School administrators continued to investigate/research the incident and came up with a workable plan that will get the message across to the five players who were in violation, while still giving them an opportunity to return to play.
As a result, when North Chicago takes the court on Tuesday night at Round Lake, four of the five suspended players will be back in uniform after having missed two games.
The fifth player — believed to be junior star JaVairius Amos-Mays — will remain out for Tuesday’s game and also will miss the North Suburban Conference Championship Game against Stevenson next week. But, he will be given the opportunity to earn the right to return to the squad for the IHSA playoffs.
North Chicago athletic director Brian Colbert expressed confidence that this decision is a fair one, and that the suspended players have fulfilled obligations that had to be met before being allowed back in uniform.
“The athletic office and coaches, along with our administration, wanted to make sure we were doing the right thing for these young men. It was a team effort that included our principal and superintendent,” Colbert said.
“We are definitely holding the young men accountable, but to their credit, they’ve taken steps to show us they take responsibility for their choices and have learned from them.”
“This has been a learning experience for them, and we’re happy with the strides they’ve made so far. Our job is to continue helping them learn and develop as young men.”

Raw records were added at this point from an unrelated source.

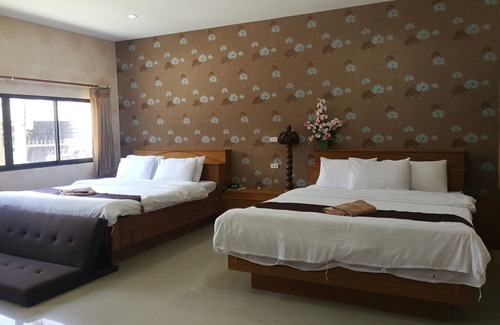 Damnoen Saduak Hotel | Reurn Thai Resort Ratchaburi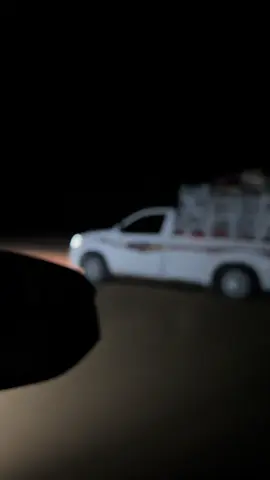 #تيوتا_شعار_لايعرف_القانون #زعمك شن معبيه سياره 🤔#تيوتا_هايلكس 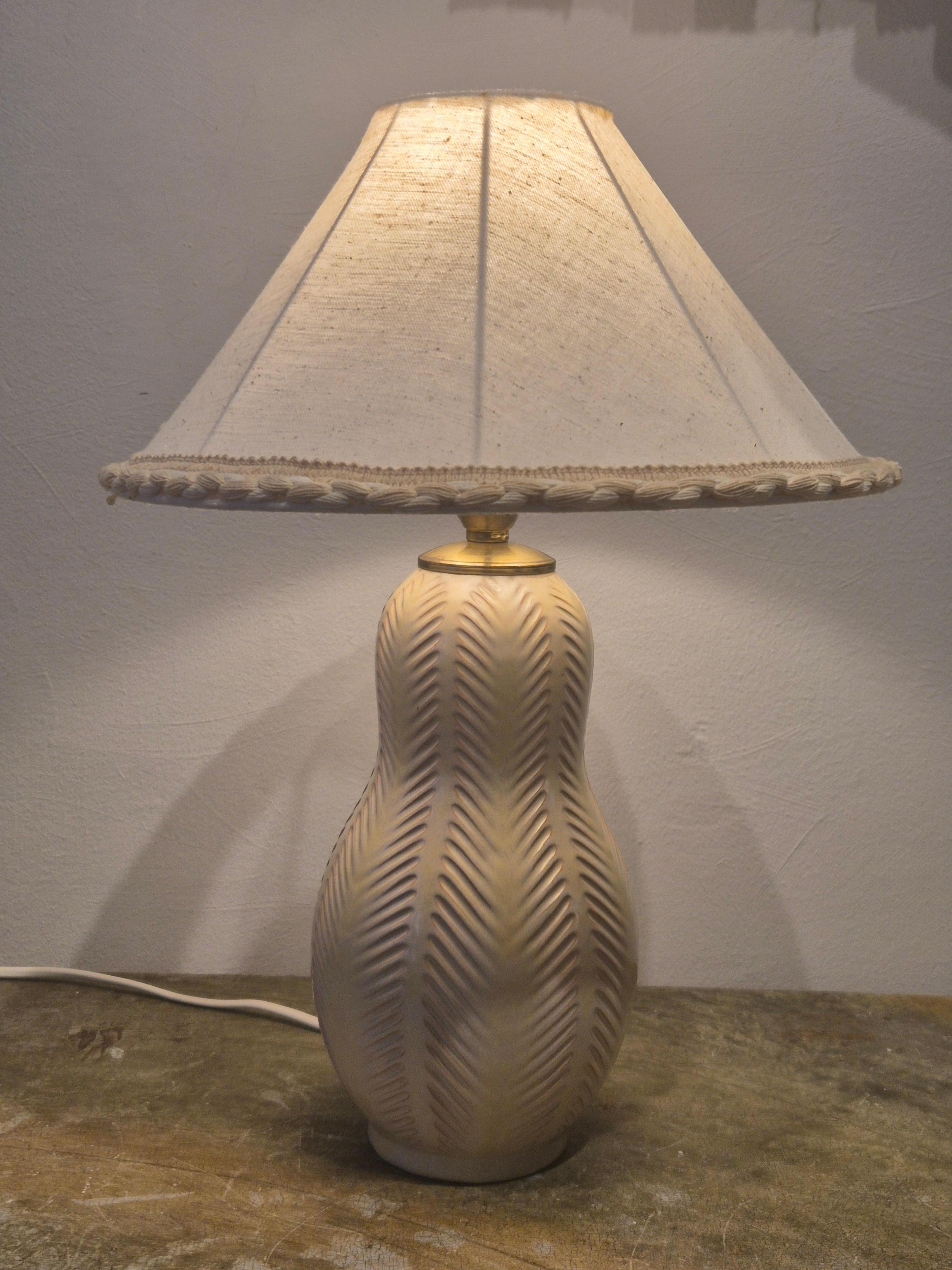 Swedish Modern table lamp with ceramic base by Anna-Lisa Thomson, mid1900s. For Sale 5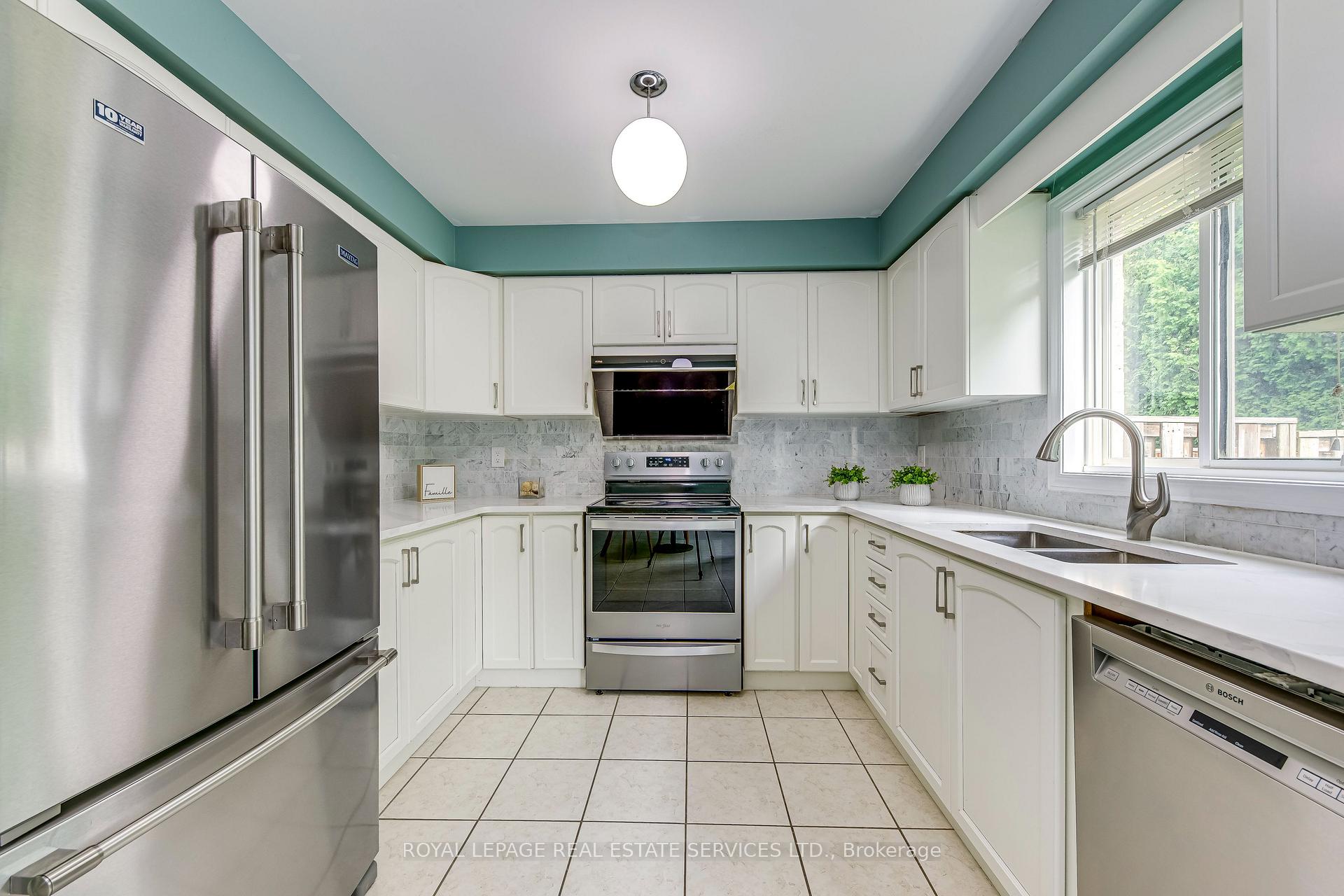 Photo 11 of Unit 12, 7 Southside Place, Hamilton, Mountview — HOMEH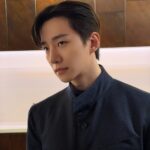 <トレンドブログ>「2PM」ジュノ、パリで王子様のようなビジュアルを披露…シャツ一枚でもまるでグラビア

North Chicago basketball coach Gerald Coleman was part of the decision-making group.
“It’s important that we do what is best for the future of these young men. We want them to learn from their choices, but at the same time it’s not our intention to ruin their careers," Coleman said. "They have goals and aspirations, and learning to strive and achieve them in a responsible way is part of growing as young men too.”
The two games North Chicago played without the five players — including key reserves Joseph Thomas and Travaris Knox — were two of the team’s three worst games of the season.

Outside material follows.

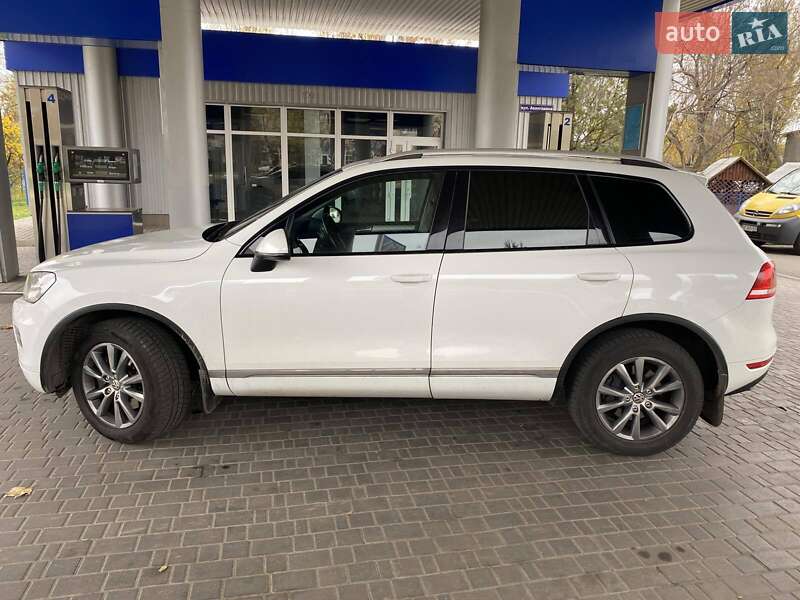 Позашляховик / Кросовер Volkswagen Touareg 2012 в Миколаєві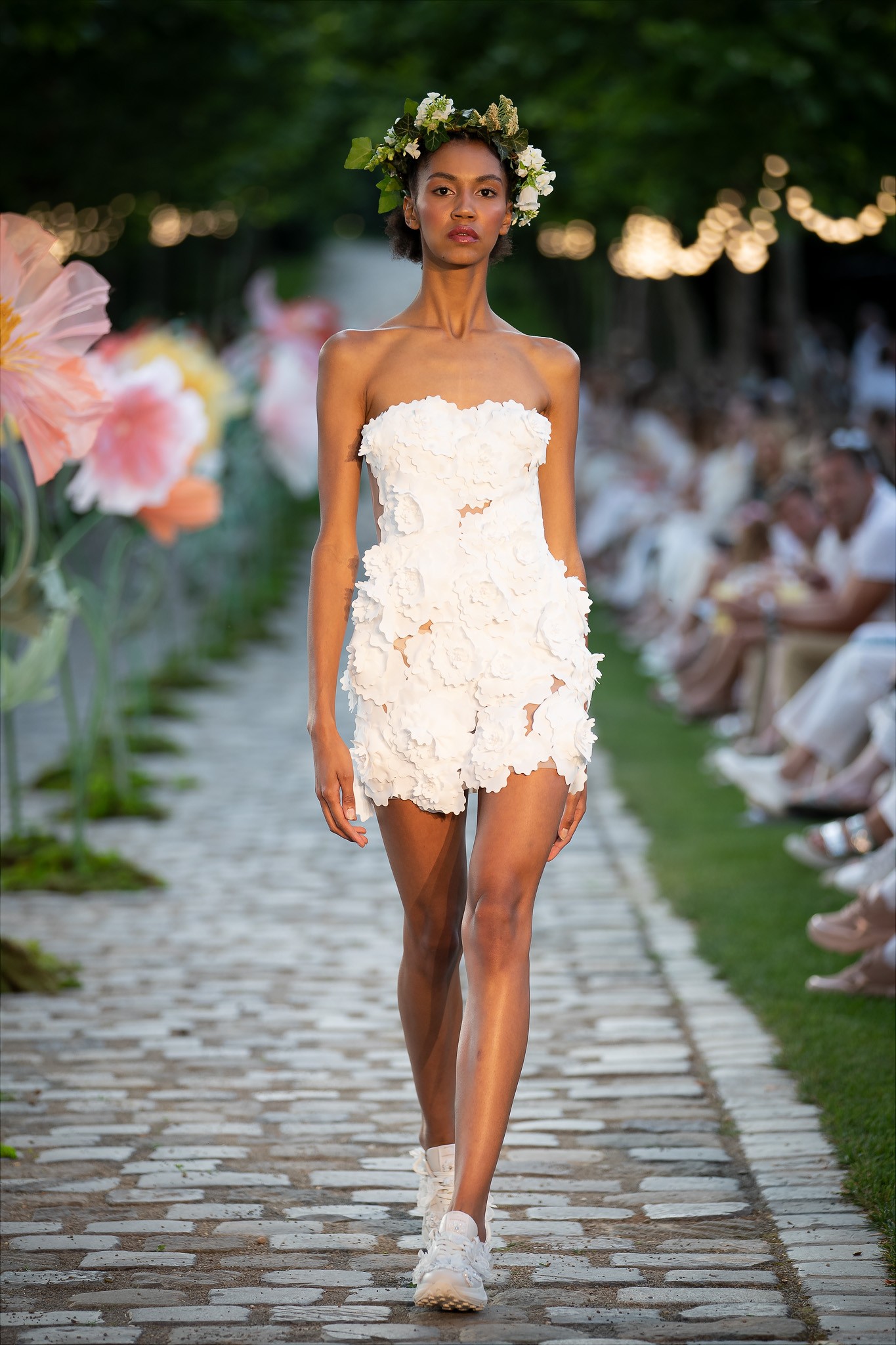 A laza feltűzés minden ruhát megkoronáz, és nem utolsó sorban rendkívül kényelmes viselet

“The situation has definitely affected the whole team, both the players and the coaches. With all the kids we brought up to varsity and the way we’ve had to move players around, it definitely had an affect on how we’ve played. This group has been together since the summer, and all of a sudden five or our players aren’t there,” Coleman said. “ It’s like missing part of our family. Now that we’ve come to a resolution, it’s a weight off of everybody’s shoulders.”
North Chicago is 23-2 on the season.